Many scriptures show stones to be something lasting, beautiful, lively or living. (e.g., Exodus 28:15-21; I Kings 5:17-18; 7:9-11; Isaiah 54:11-12; Malachi 3:17; etc.). In Revelation 21:19-20, God will use beautiful and precious stones in the foundation of the walls of New Jerusalem. Could God use a more fitting illustration when He inspires Peter to call His children "living stones," which He uses to build "a spiritual house, a holy priesthood, . . . acceptable to God through Jesus Christ" (I Peter 2:5)?
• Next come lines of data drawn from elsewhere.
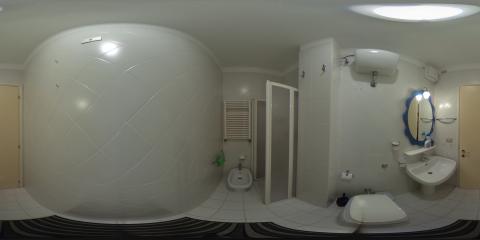 Appartamento in affitto vacanze a Marina Di Pisa, Pisa (PI)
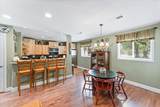 29320 Second Street - Photo 10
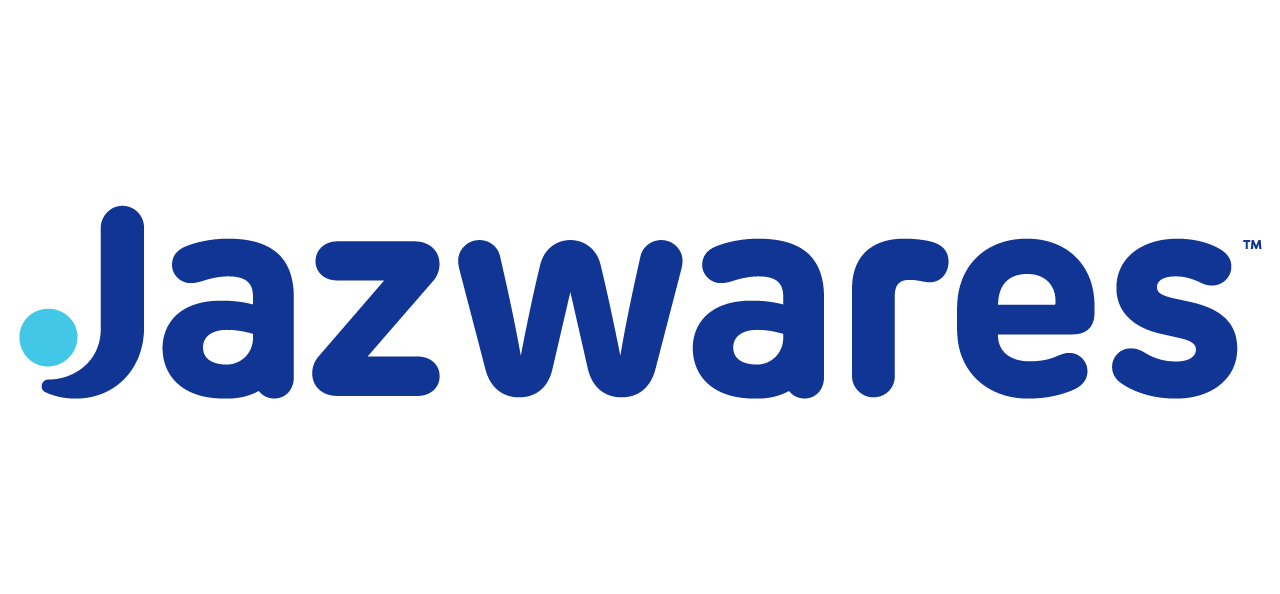 Jazwares in Multi-Year Deal with Marvel for All-New Costume Characters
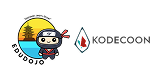 kodecoon1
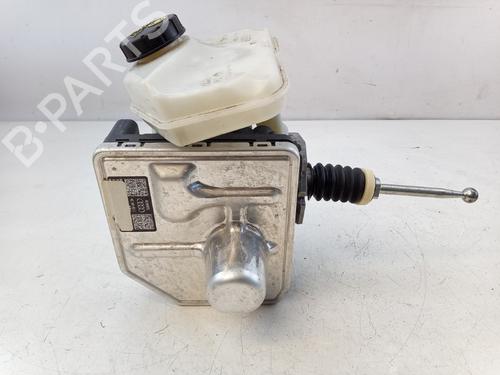 Bremseservo AUDI E-TRON (GEN) 55 quattro | BP27346857M42 - Image 3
Through Paul in I Corinthians 3:12-13, God says our work will be manifest by the type of material we use in building, whether of gold, silver, precious stones, wood, hay, or straw. God will judge and try by fire everyone's work, and the durability of our "building material" will be exposed when that happens. Doubtless precious stones are enduring, for, as we have already seen, God Himself uses them as foundations in His own eternal city.
Tumbling in the Bucket
Just as each stone was important to the man in Silverton, likewise each of us are precious to God, and He will do whatever it takes to prepare us for His Kingdom. How much He has to scrub off us depends on how stubbornly we resist the process of cleaning, shaping, and polishing. The more we yield to His efforts, the better and more thorough we will be prepared for His Kingdom.
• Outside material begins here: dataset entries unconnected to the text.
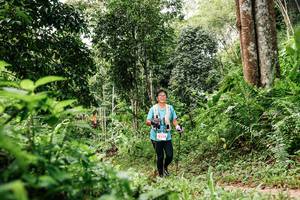 BIB: 
                            <button type="button" onclick="openModal(26276308)" class="btn btn-primary btn-sm float-right btn-popup" data-toggle="modal" data-target=".modal-high-quality">
                        <i class="fas fa-shopping-cart"></i> Add to Cart
                    </button>
                                            <button type="button" onclick="isThisMe(26276308, true)" class="btn btn-success btn-sm float-right btn-popup btn-isme hidden" data-toggle="tooltip" data-placement="bottom" title="นี่คือรูปของคุณใช่ไหม คลิกที่นี่เพื่อเอาเข้าอัลบั้ม">
                        <i class="fas fa-plus"></i> Add to album
                    </button>
                    <button type="button" onclick="isThisMe(26276308, false)" class="btn btn-warning btn-sm float-right btn-popup btn-isnotme hidden">
                        <i class="fas fa-ban"></i> Remove from album
                    </button>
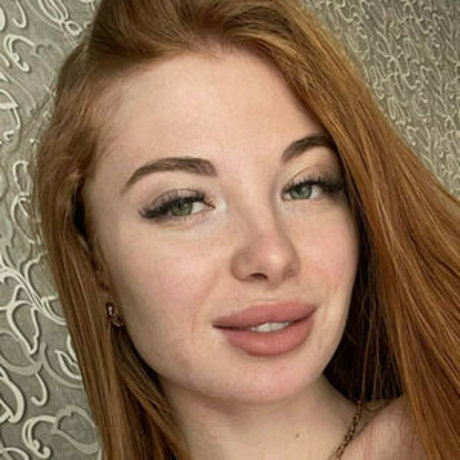 Photo nue de fuite OnlyFans de Milanaqueen
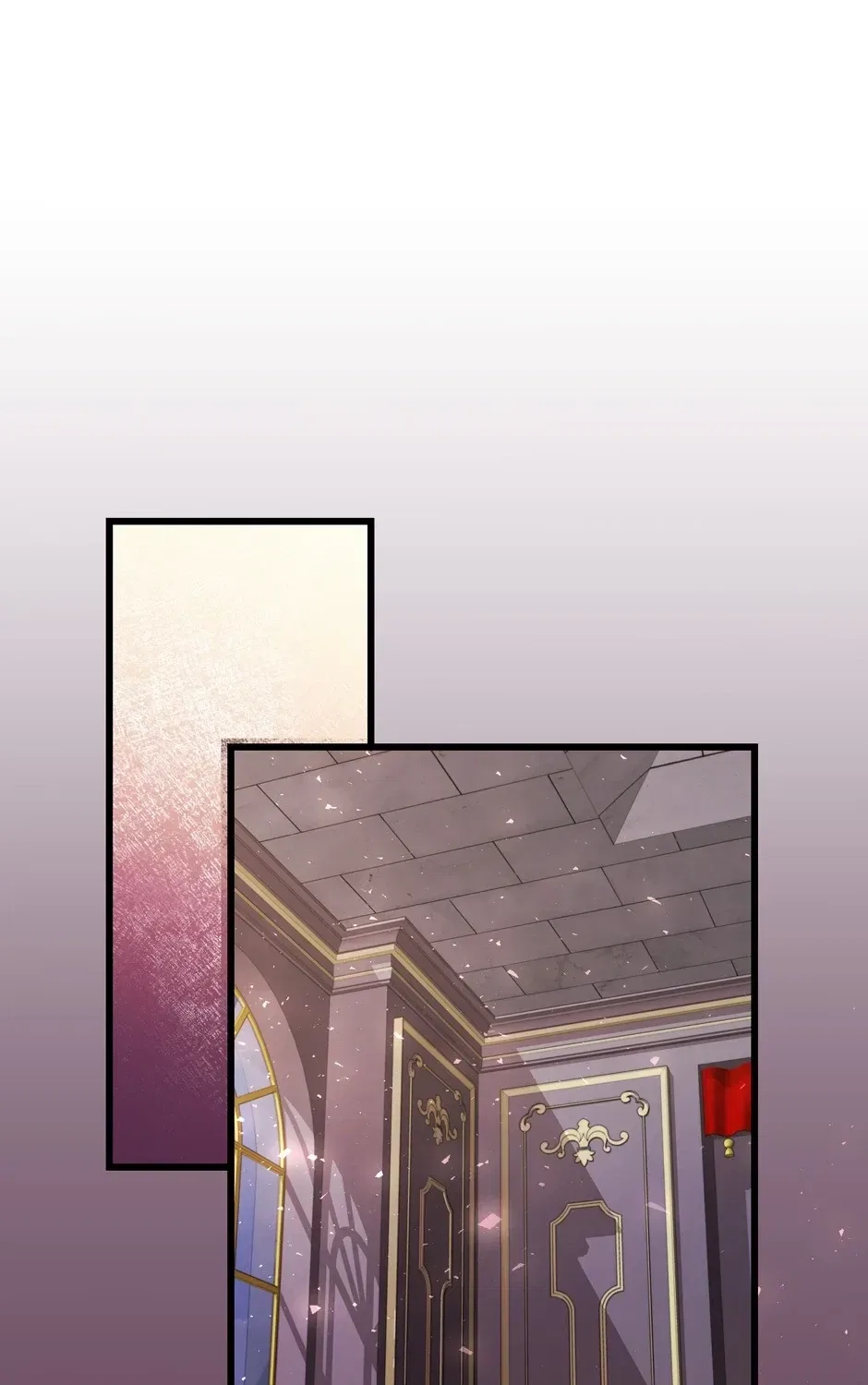 The Villainess Is Too Busy Baking Bread! Chapter 59 – Page 120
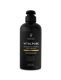 VITALPURE SHAMPOO профессиональный Шампунь для тонких волос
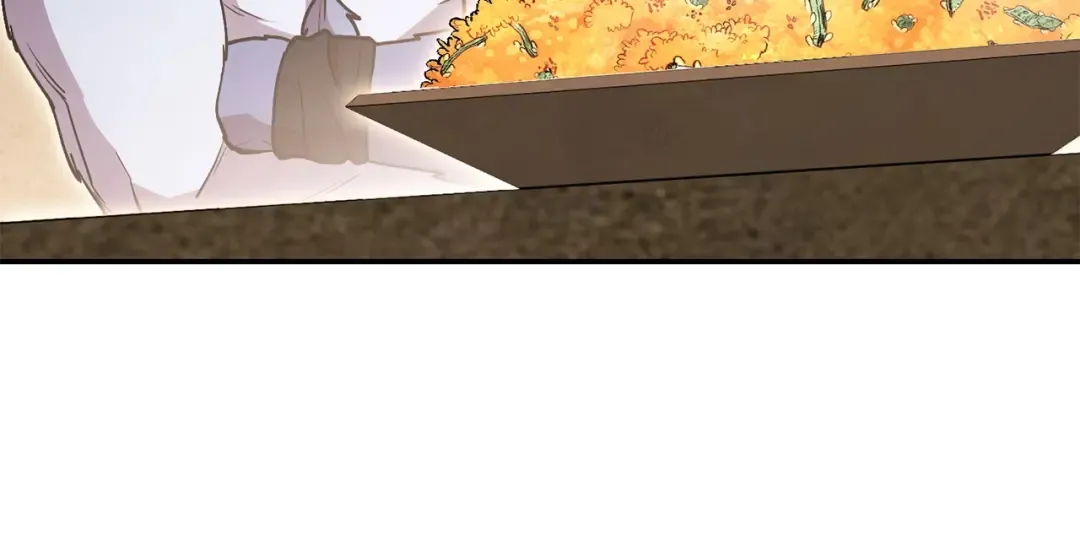 第147话 食神之力！ 第34页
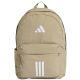 adidas Essential Bars3RS Rucksack KE5653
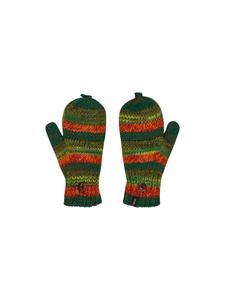 THC Natural Line Варежки, мультиколор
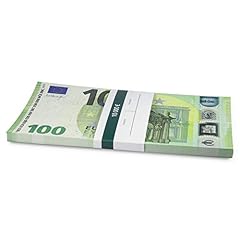 Litfax gmbh 100 gebraucht kaufen  Wird an jeden Ort in Deutschland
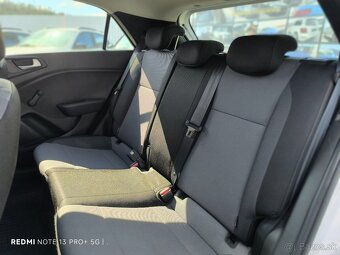 Hyundai i20 1.2i Classic - 14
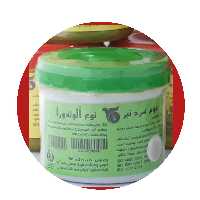 موم نیر آلوئه ورا   260  گرمی (قیمت  تک  عددی )  فروش با اشانتیون  (  یه دونه مداد چشم بل مشکی آلمانی ) اشانتیون داره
When we are tested to the limit by someone—in light of what God is preparing us to become—does it not seem logical that we should be learning to be more patient, caring, compassionate, merciful, kind, gentle, and forgiving than ever, seeing that all these character traits express love for others? The Parable of the Sheep and the Goats in Matthew 25 teaches us that expressing these things to our brethren is tantamount to doing them to God. Is this not what God is looking for in us?
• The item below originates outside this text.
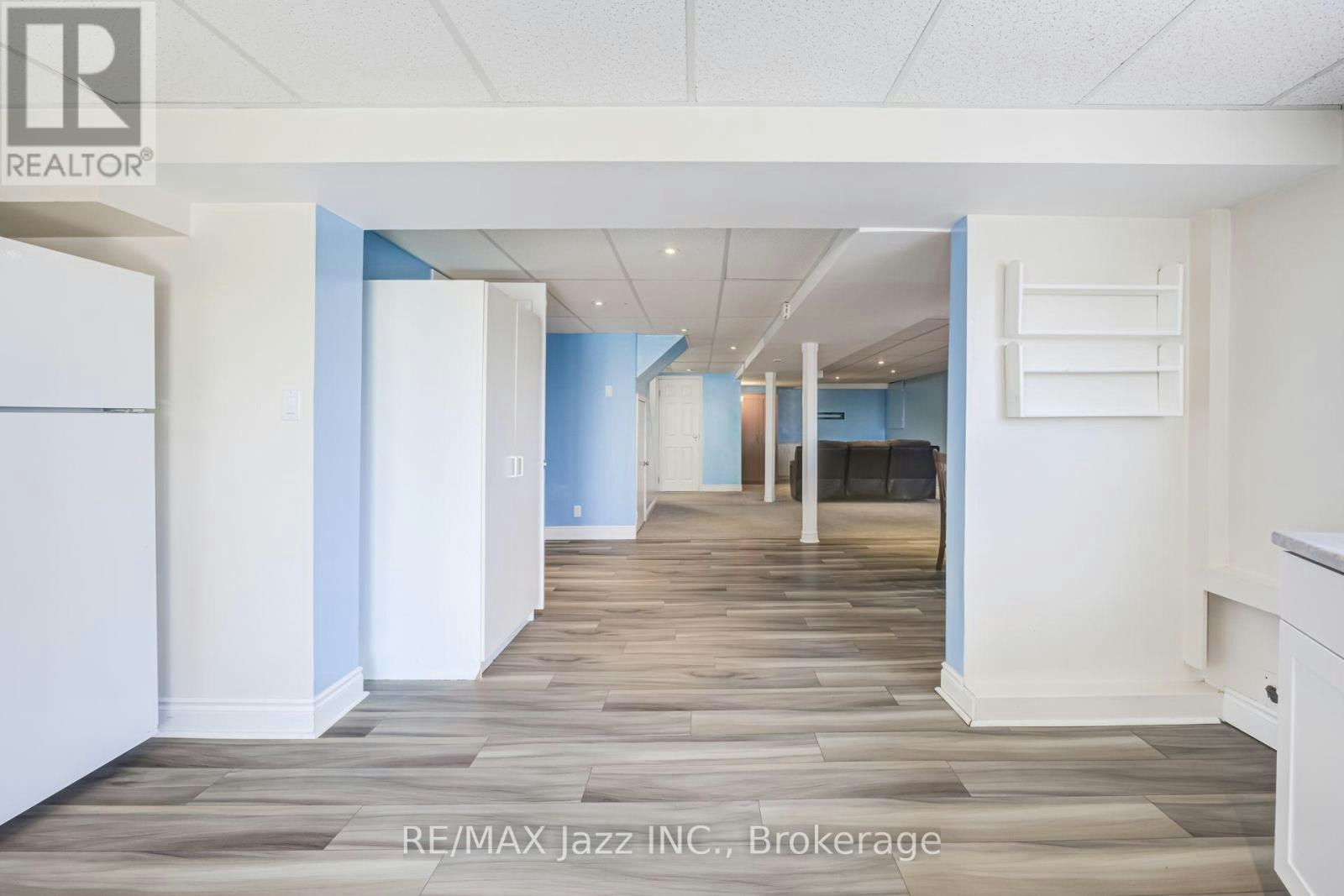 2 Coomer Crescent, Ajax, ON, L1T 3B6 - 44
God in His mercy is letting us tumble around in the bucket He calls His church. He has added water—His Spirit—to create a slurry, which represents all the trials we go through in life. His Spirit serves as a means for each of us to help polish one another. Like the stones, when they had all the crust removed and became smooth and nonabrasive to the other stones, we, when our human nature is completely removed in the resurrection, will be able to work with and appreciate the beauty of each other in a way we never could have before.
We can just endure trials others bring on us, or we can learn from them. God says He can raise up other stones to replace us if necessary (Matthew 3:9). But why should we fail with the kind of help we have available to us? The choice is ours. If we make the right one, our reward will be to share eternity with God and all the other beautiful stones He is now—and in the future—tumbling, shaping and polishing to use in the building of His spiritual house, the Family of God.